*** Block opens ***

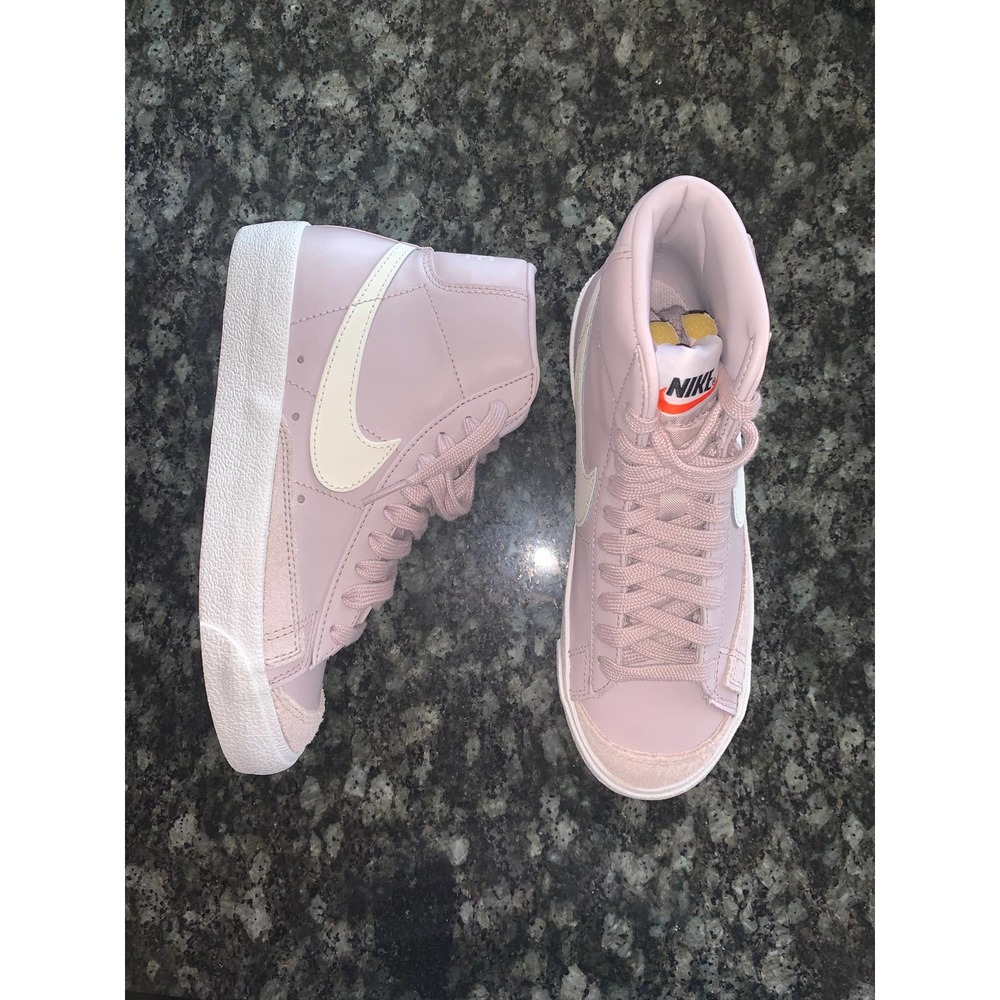 Nike Blazer Mid 77 Violet Women’s Sz 5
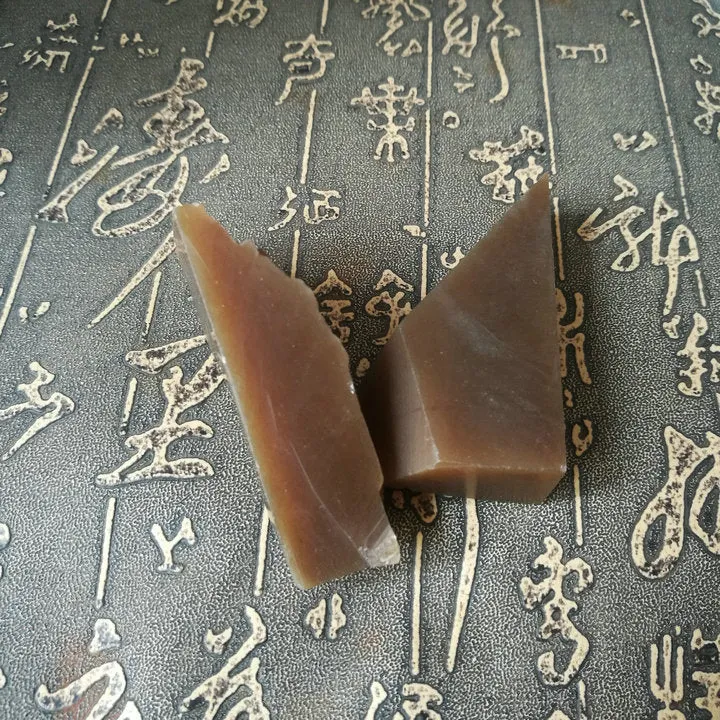 Natural Kunlun Jade Rough Nephrite Raw Remains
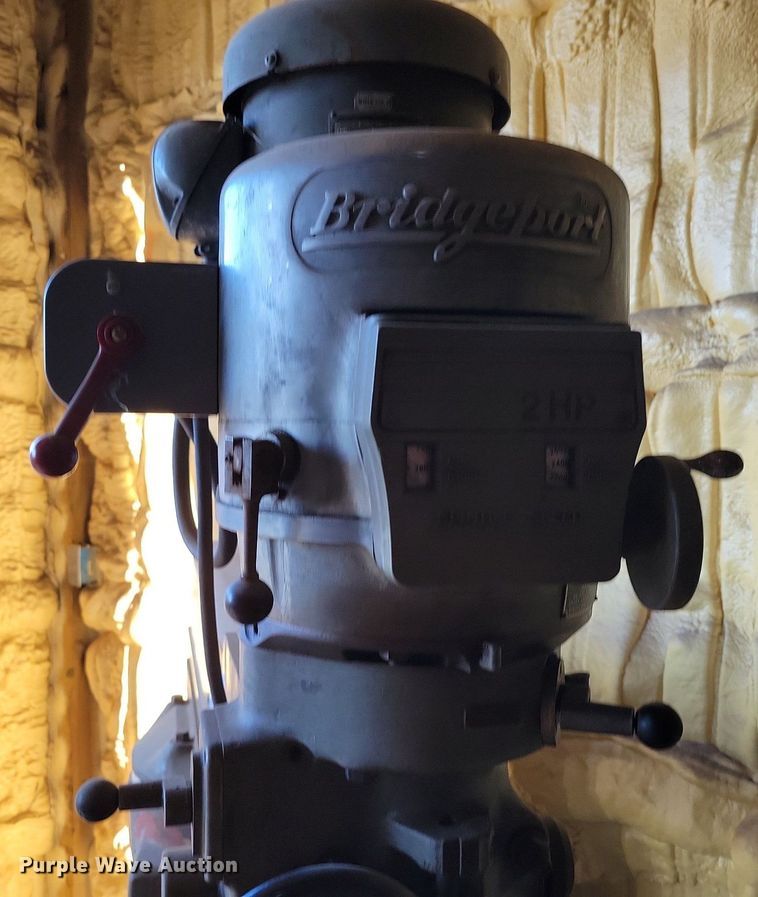 image for item DR7982 Bridgeport milling machine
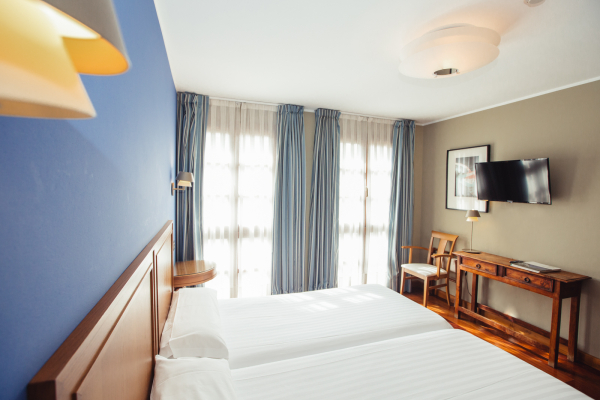 Best offers for Sella Cangas De Onis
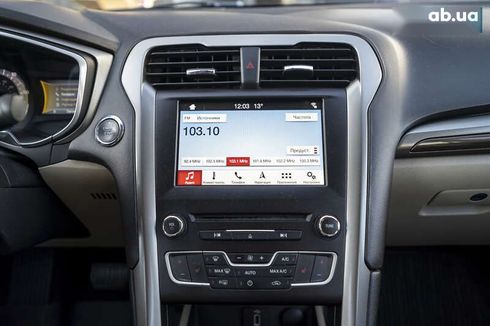 Ford Fusion 2016 - фото 27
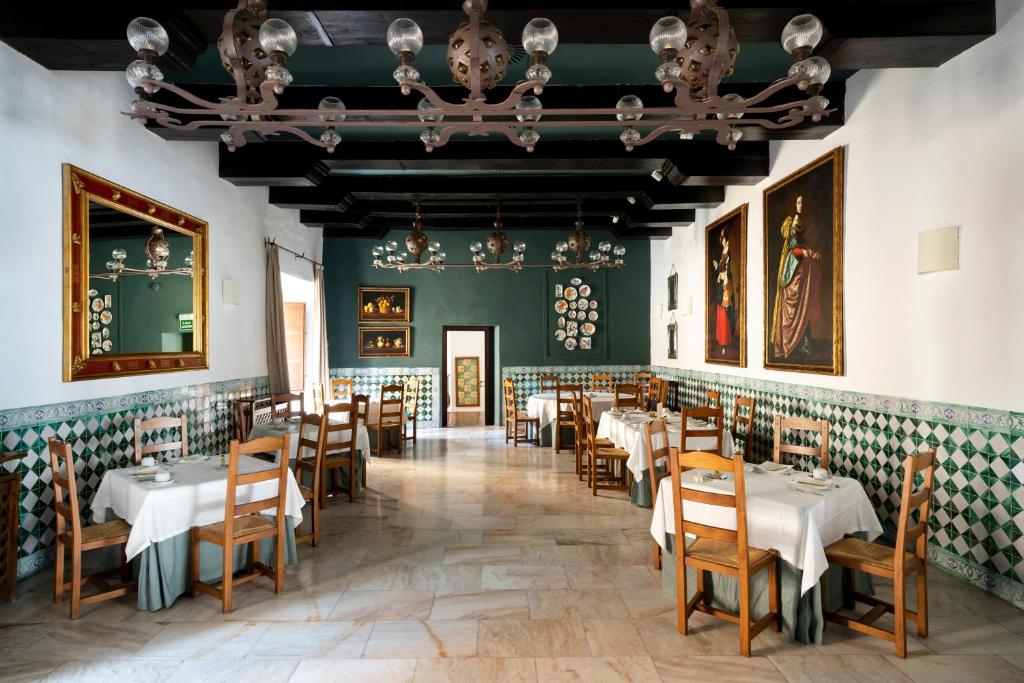 طعام و مشروبات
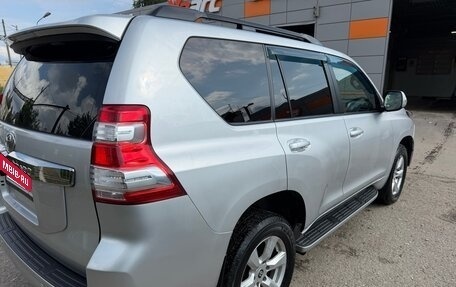 Toyota Land Cruiser Prado 150 рестайлинг 2, 2016 год, 3 560 000 рублей, 22 фотография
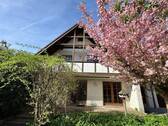 Haus Frontansicht - Waldrand am Reichswald: Haus mit Einliegerwohnung und direktem Waldzugang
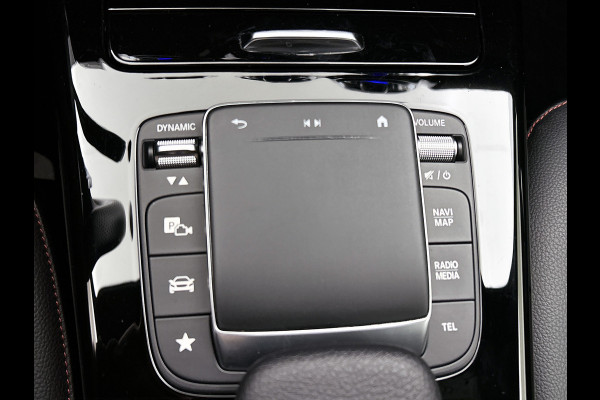 Mercedes-Benz CLA-Klasse Shooting Brake 250 e Business Solution AMG Limited 5 spaks lichtmetalen velgen | MBUX wide screen | Navigatie | Parking support met camera | Inclusief 24 maanden MB Certified garantie voor Europa.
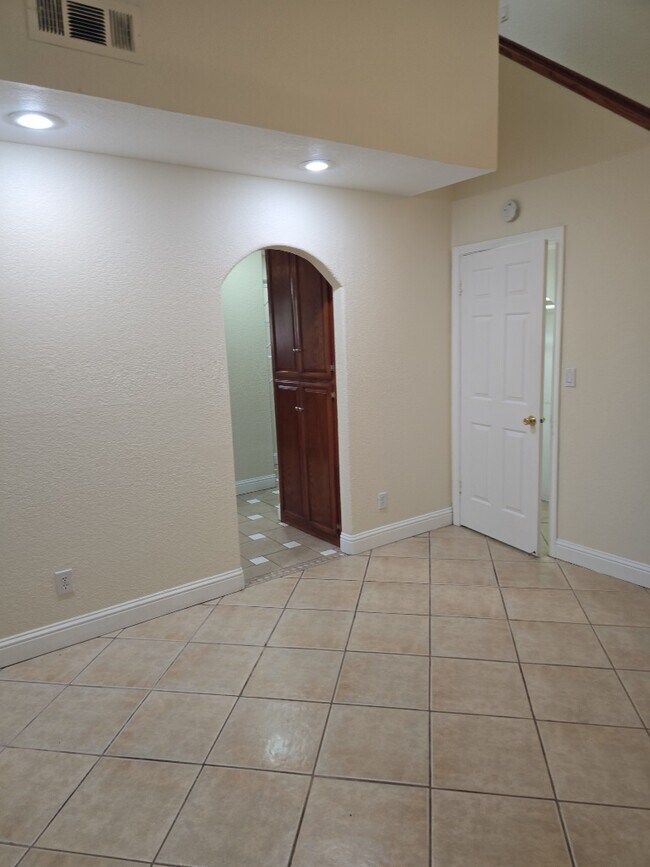 Foto del edificio - 3151 Andre Ln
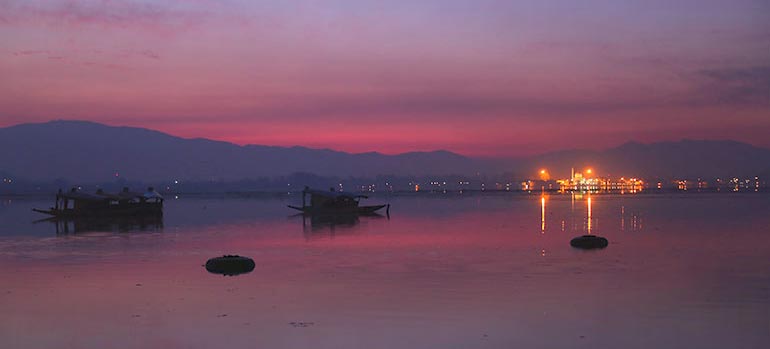 Luxury Kashmir Honeymoon Package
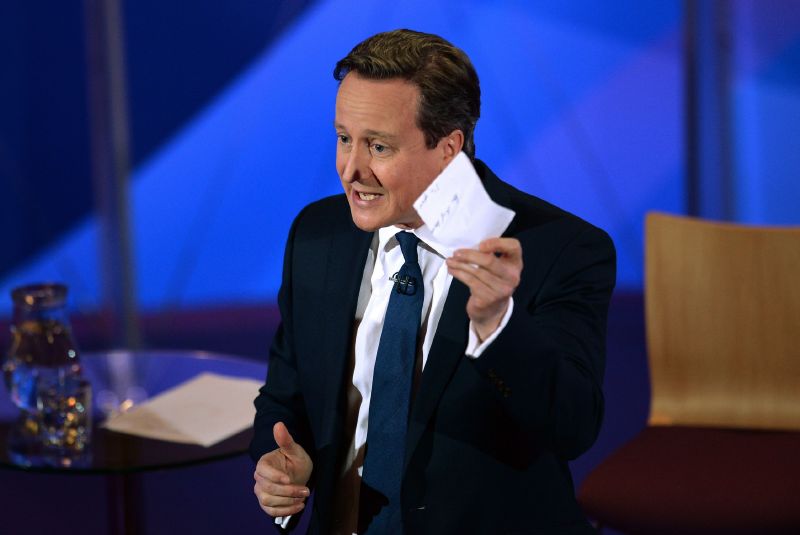 Britský premiér David Cameron v diskuzním pořadu Question Time.
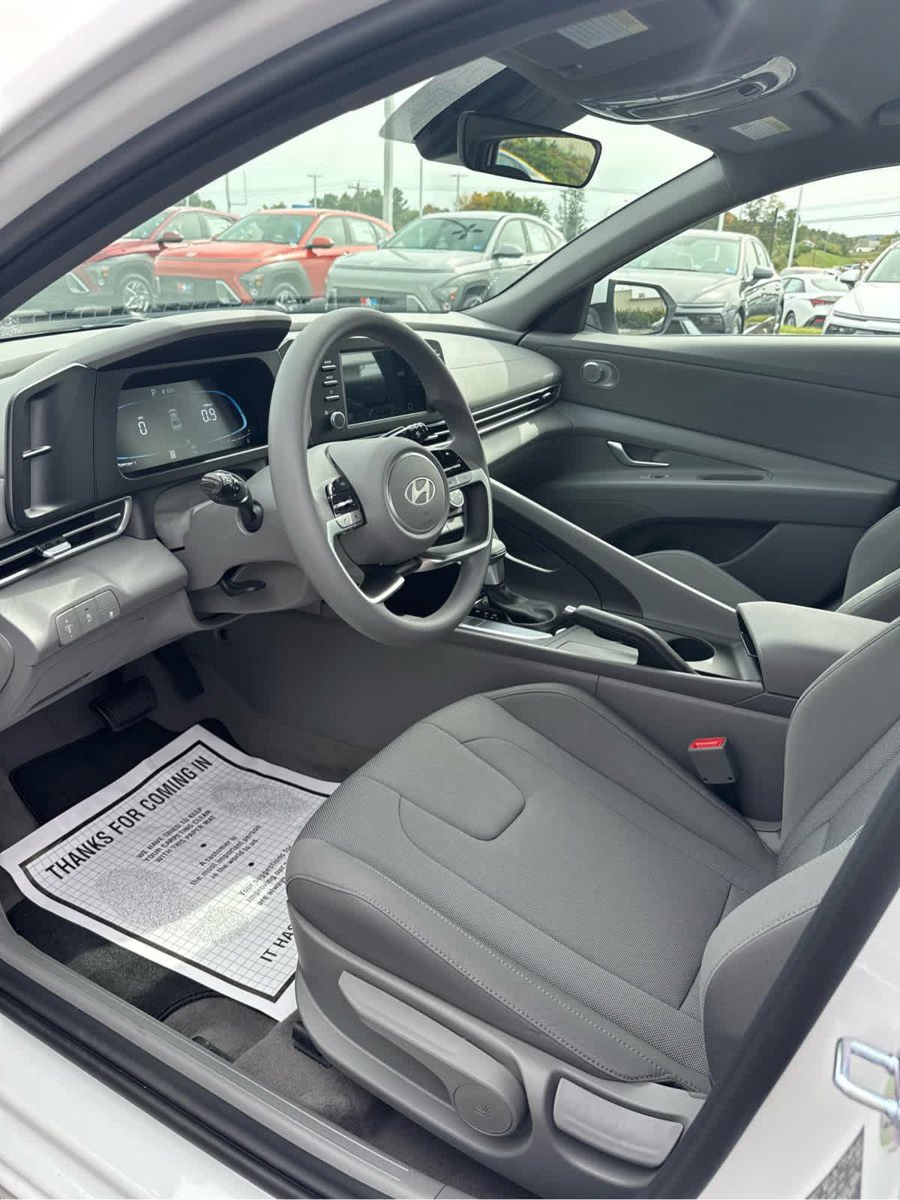 New 2026 Hyundai Elantra SE FWD image 22
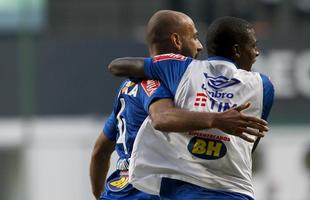 Bruno Rodrigo, de cabea, marcou o gol da vitria do Cruzeiro depois de falta cobrada por Arrascaeta: 3 a 2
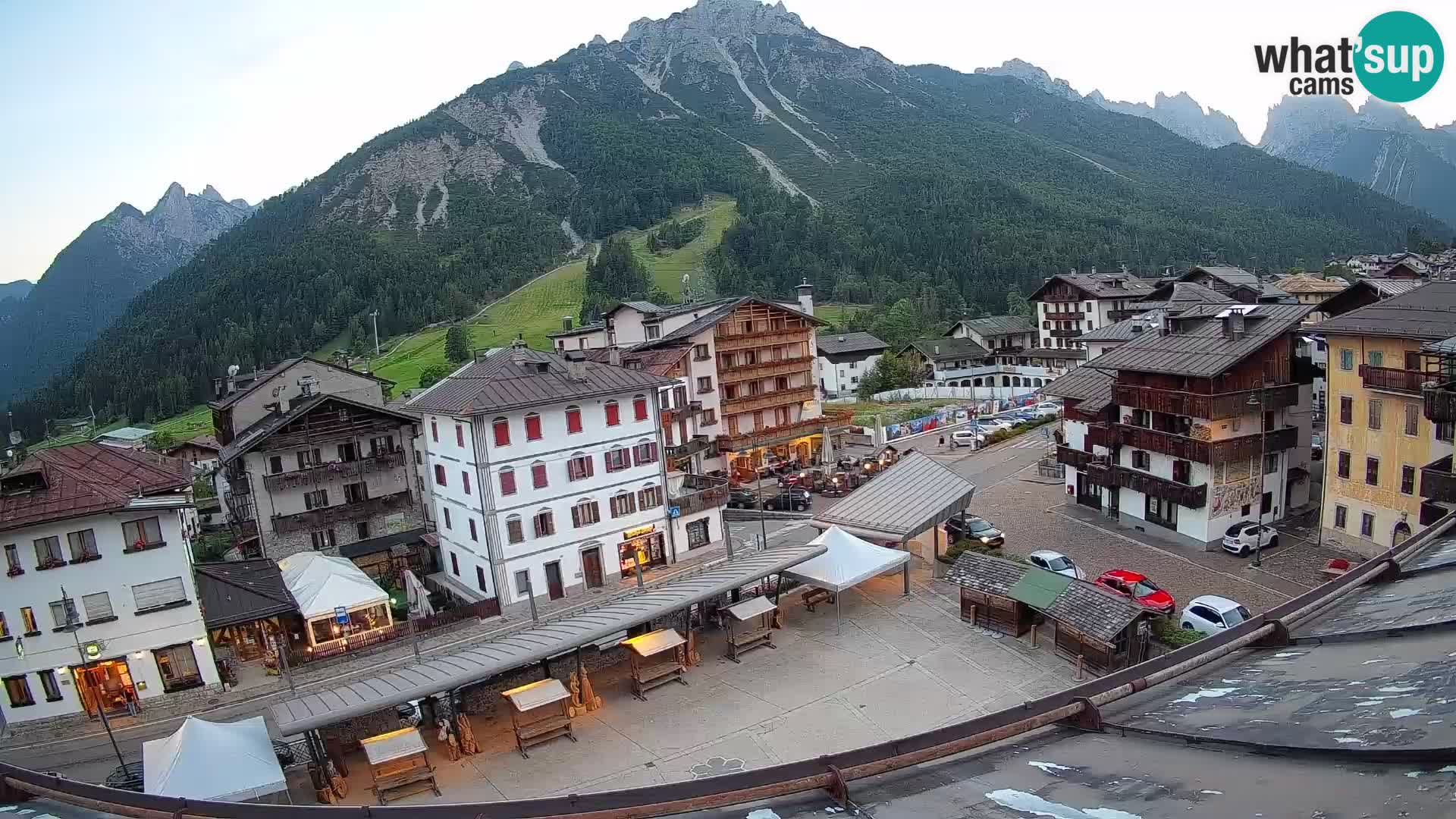 Plaza principal de Forni di Sopra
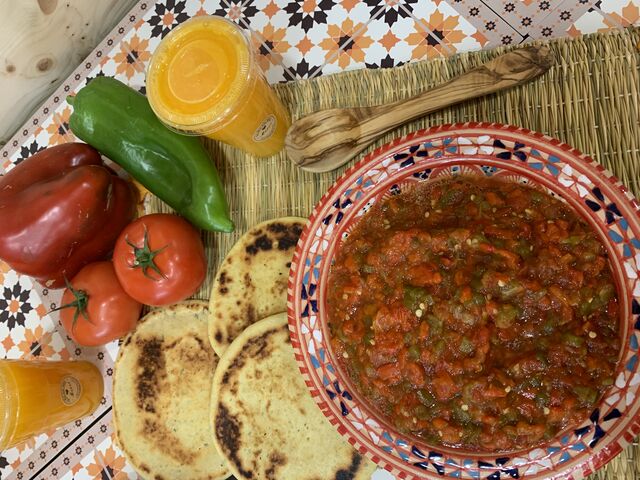 Notre entrée Hmiss et Aghrom
Compotée de poivrons tomates grillé et écrasé à l’huile d’olive et sa galette de semoule de blé !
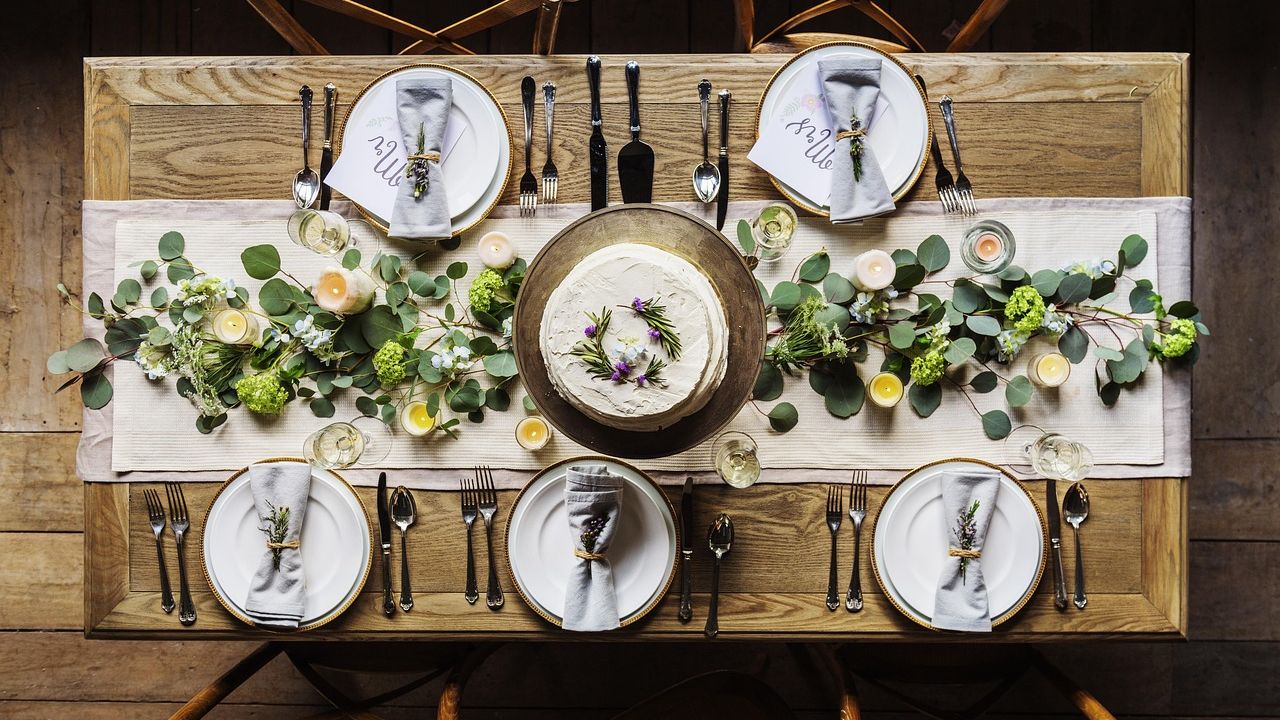 The "Sunday Night" Rule: Why You Should Avoid Eating Out at the End of the Week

*** Block closes ***

Begin at the line containing "Plaza principal de Forni di Sopra" and extract every line through the end of the records, inclusive, exactly and only; omit pictures.

 Plaza principal de Forni di Sopra
 Notre entrée Hmiss et Aghrom
Compotée de poivrons tomates grillé et écrasé à l’huile d’olive et sa galette de semoule de blé !
 The "Sunday Night" Rule: Why You Should Avoid Eating Out at the End of the Week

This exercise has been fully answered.